▸ **Exercise requirements**
Only the text should be kept: print every entry below exactly and leave each image out.

▸ **Data supplied**
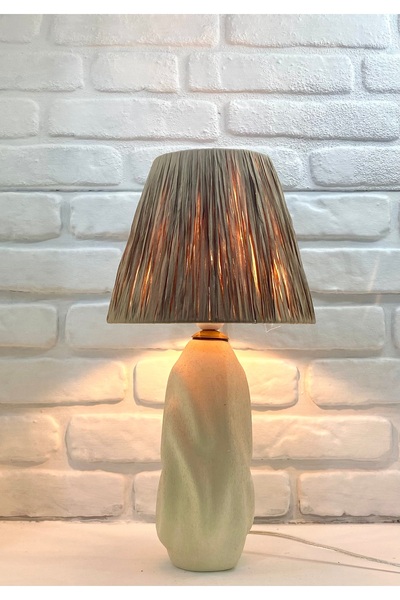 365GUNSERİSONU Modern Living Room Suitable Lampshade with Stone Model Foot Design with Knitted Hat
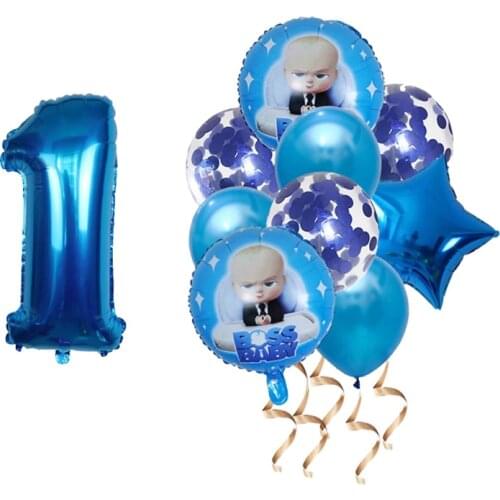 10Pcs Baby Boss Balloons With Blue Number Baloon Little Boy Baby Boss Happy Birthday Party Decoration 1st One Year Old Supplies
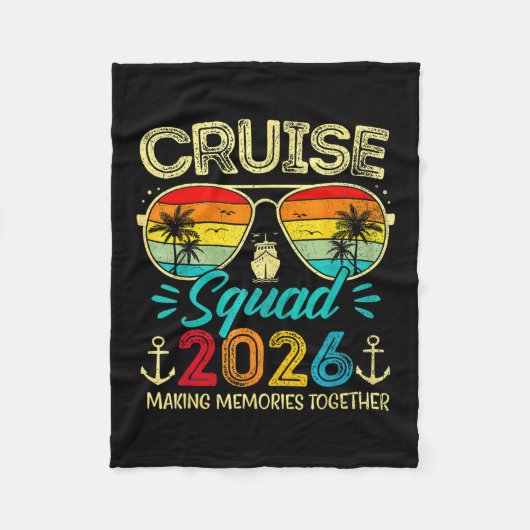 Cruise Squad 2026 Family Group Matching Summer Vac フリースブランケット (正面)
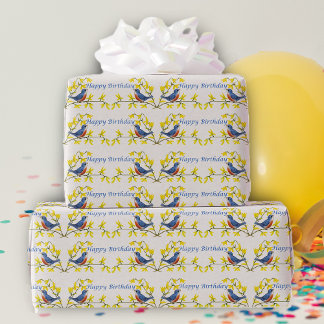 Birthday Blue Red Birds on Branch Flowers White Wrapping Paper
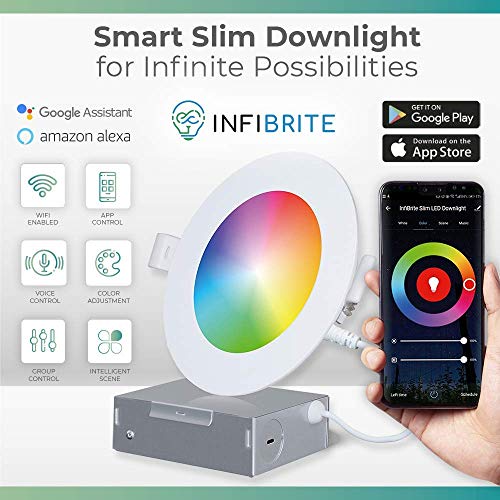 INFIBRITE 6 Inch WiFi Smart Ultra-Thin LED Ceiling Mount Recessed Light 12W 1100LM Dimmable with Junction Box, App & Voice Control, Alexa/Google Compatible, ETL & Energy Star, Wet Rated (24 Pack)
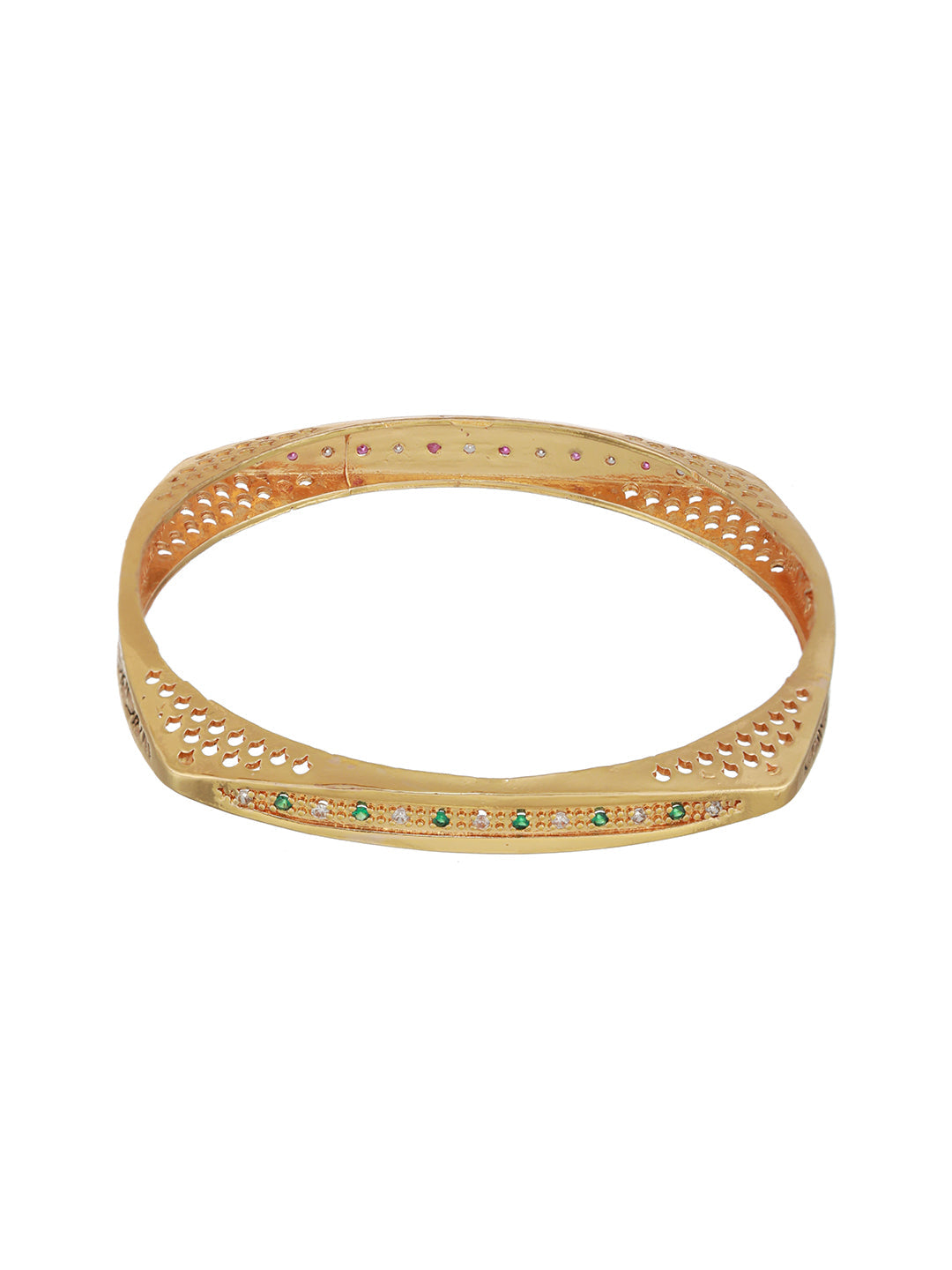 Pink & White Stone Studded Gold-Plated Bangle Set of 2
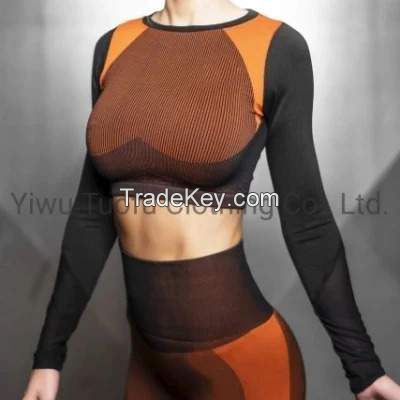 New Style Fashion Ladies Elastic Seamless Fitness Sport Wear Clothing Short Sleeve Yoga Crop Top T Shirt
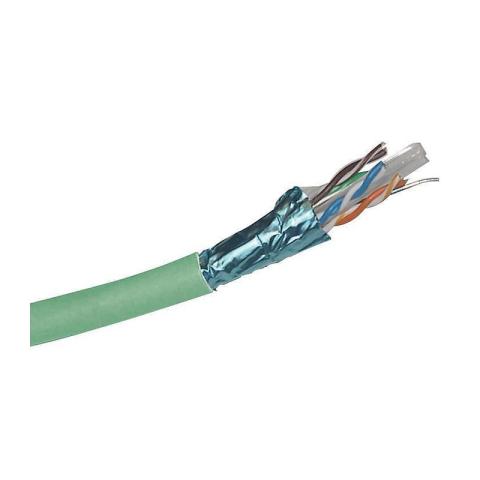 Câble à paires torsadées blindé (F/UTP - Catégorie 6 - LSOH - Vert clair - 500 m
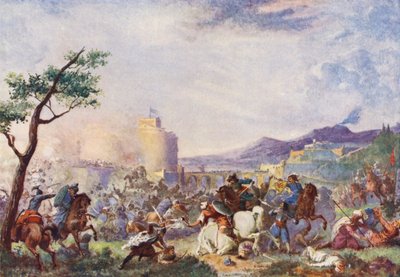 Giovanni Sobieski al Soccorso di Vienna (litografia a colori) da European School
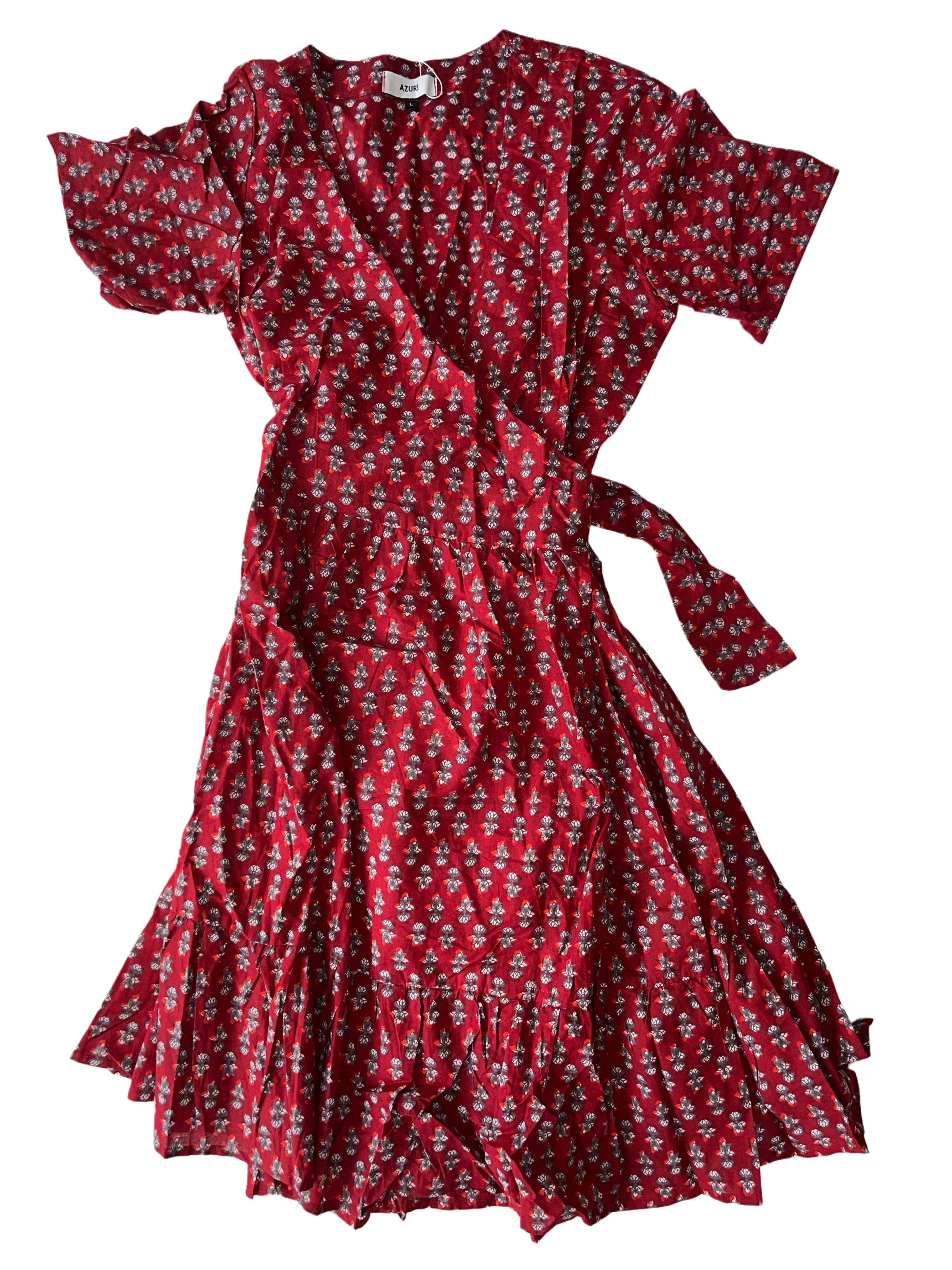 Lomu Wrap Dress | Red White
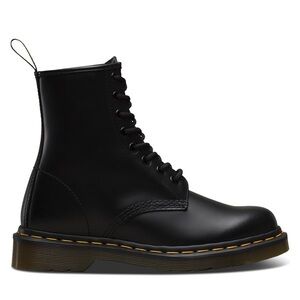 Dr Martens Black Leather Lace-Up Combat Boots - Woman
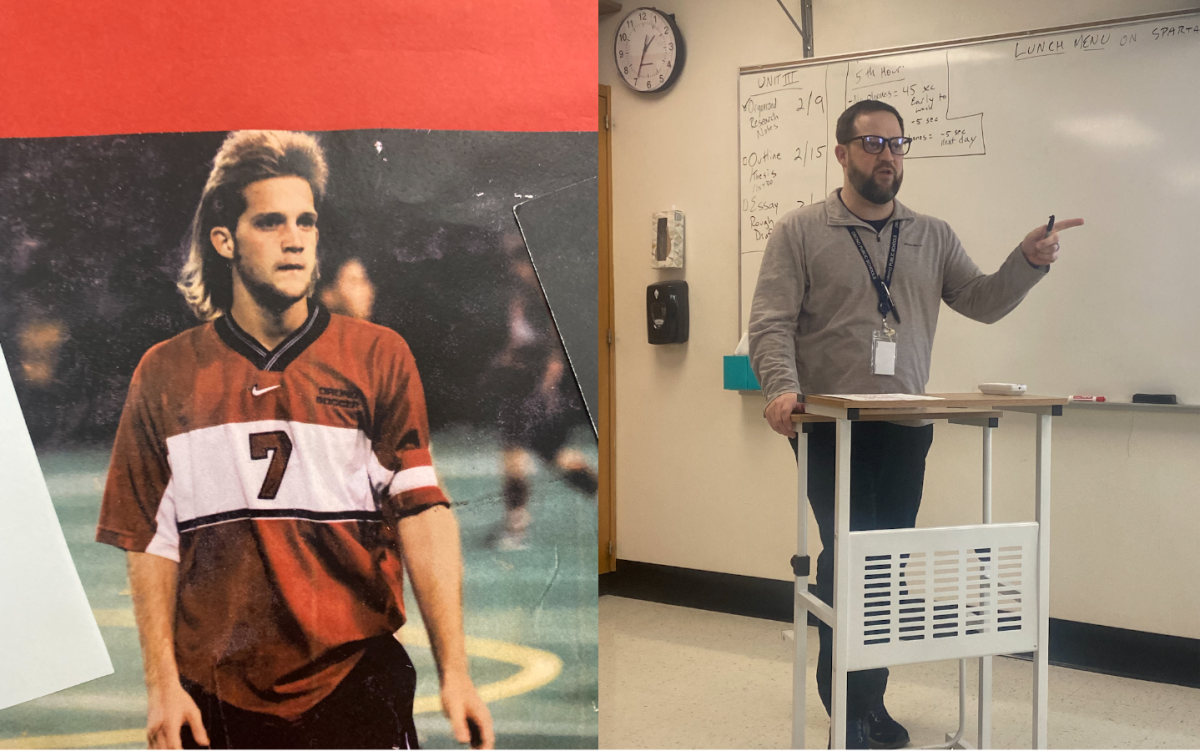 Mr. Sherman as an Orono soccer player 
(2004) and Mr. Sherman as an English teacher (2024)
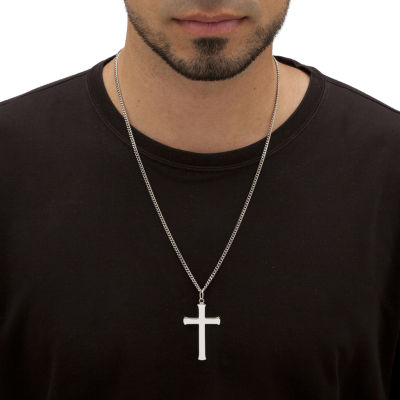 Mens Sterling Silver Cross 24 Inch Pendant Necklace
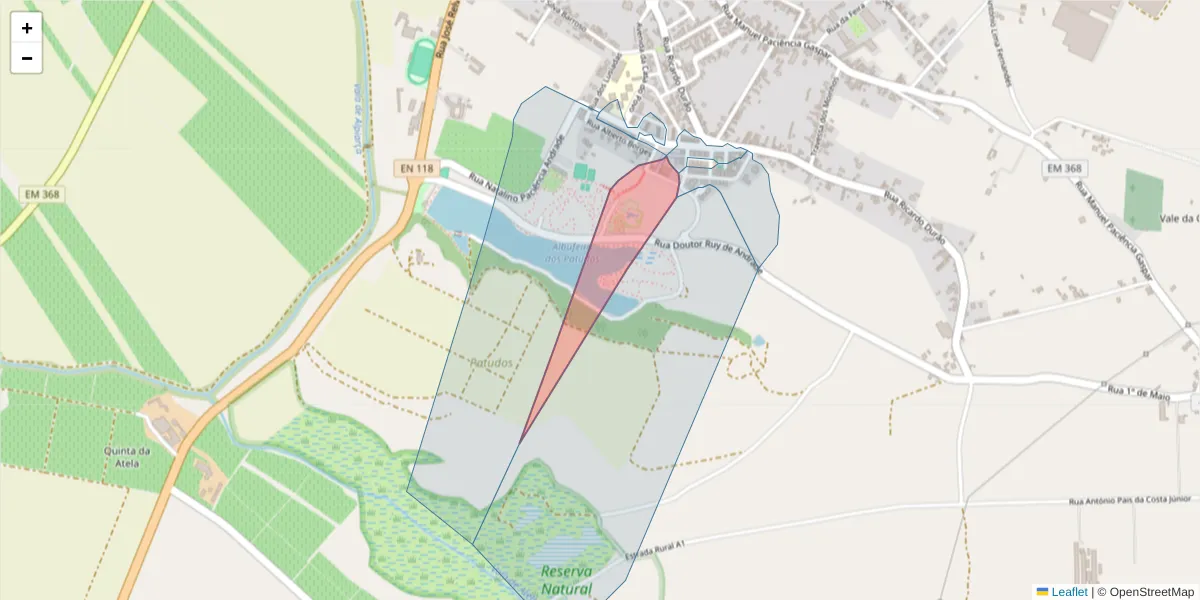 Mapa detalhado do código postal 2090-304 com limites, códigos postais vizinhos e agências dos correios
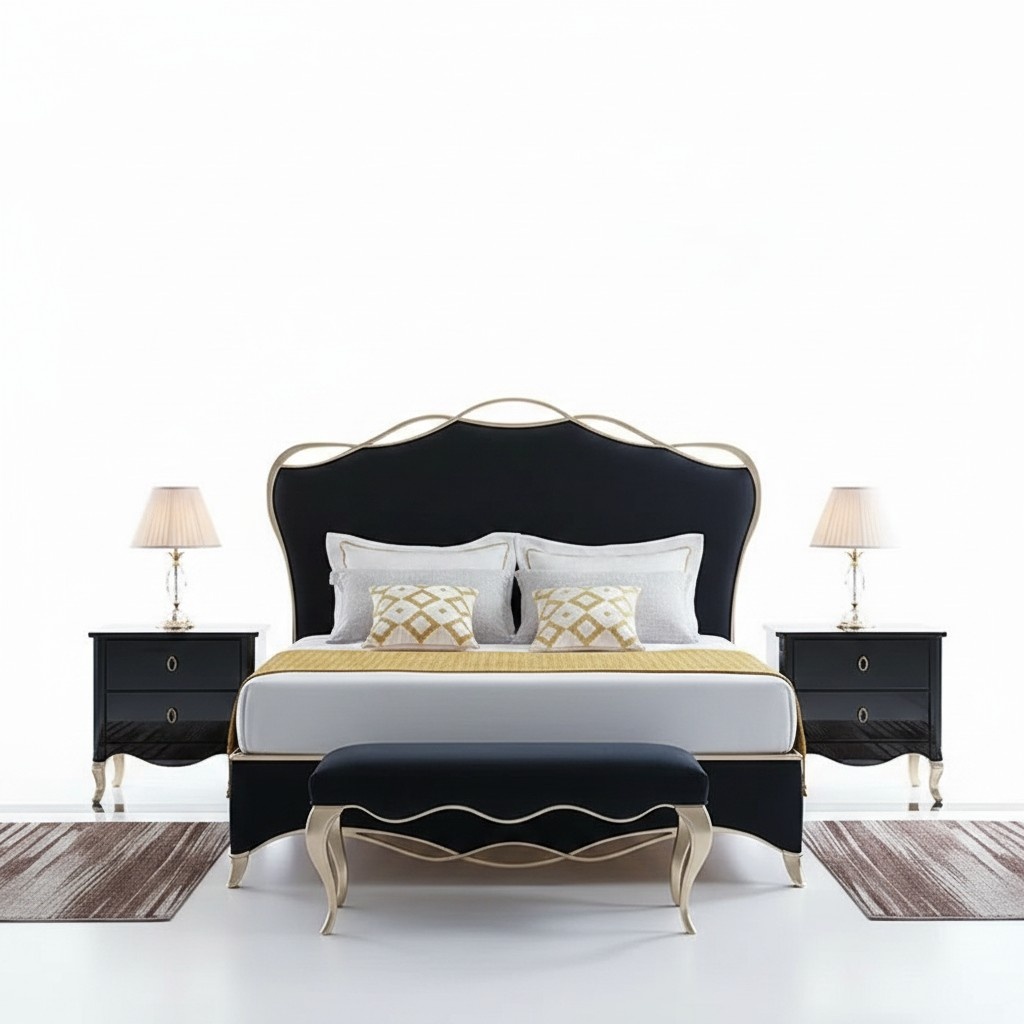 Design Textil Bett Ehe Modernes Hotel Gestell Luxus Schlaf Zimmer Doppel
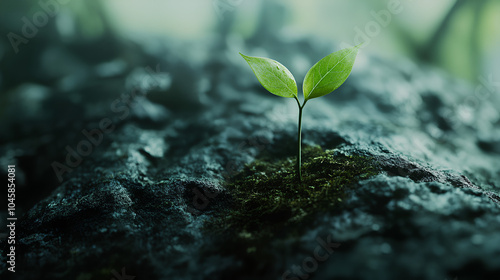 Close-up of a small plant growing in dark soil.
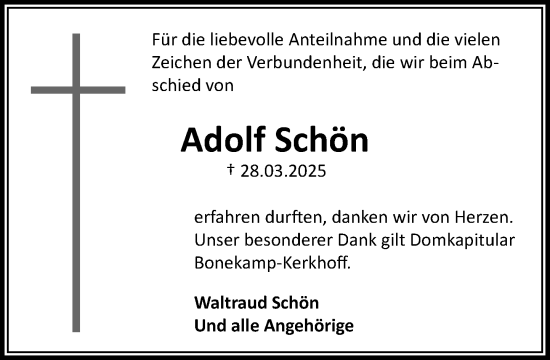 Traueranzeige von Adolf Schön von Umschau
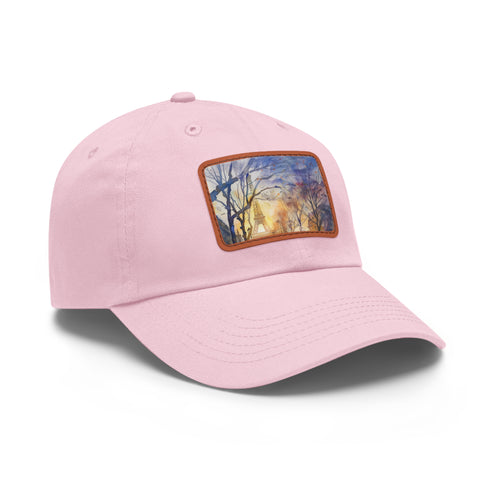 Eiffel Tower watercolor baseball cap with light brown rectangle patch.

▸ **Solution**
 365GUNSERİSONU Modern Living Room Suitable Lampshade with Stone Model Foot Design with Knitted Hat
 10Pcs Baby Boss Balloons With Blue Number Baloon Little Boy Baby Boss Happy Birthday Party Decoration 1st One Year Old Supplies
 Cruise Squad 2026 Family Group Matching Summer Vac フリースブランケット (正面)
 Birthday Blue Red Birds on Branch Flowers White Wrapping Paper
 INFIBRITE 6 Inch WiFi Smart Ultra-Thin LED Ceiling Mount Recessed Light 12W 1100LM Dimmable with Junction Box, App & Voice Control, Alexa/Google Compatible, ETL & Energy Star, Wet Rated (24 Pack)
 Pink & White Stone Studded Gold-Plated Bangle Set of 2
 New Style Fashion Ladies Elastic Seamless Fitness Sport Wear Clothing Short Sleeve Yoga Crop Top T Shirt
 Câble à paires torsadées blindé (F/UTP - Catégorie 6 - LSOH - Vert clair - 500 m
 Giovanni Sobieski al Soccorso di Vienna (litografia a colori) da European School
 Lomu Wrap Dress | Red White
 Dr Martens Black Leather Lace-Up Combat Boots - Woman
 Mr. Sherman as an Orono soccer player 
(2004) and Mr. Sherman as an English teacher (2024)
 Mens Sterling Silver Cross 24 Inch Pendant Necklace
 Mapa detalhado do código postal 2090-304 com limites, códigos postais vizinhos e agências dos correios
 Design Textil Bett Ehe Modernes Hotel Gestell Luxus Schlaf Zimmer Doppel
 Close-up of a small plant growing in dark soil.
 Traueranzeige von Adolf Schön von Umschau
 Eiffel Tower watercolor baseball cap with light brown rectangle patch.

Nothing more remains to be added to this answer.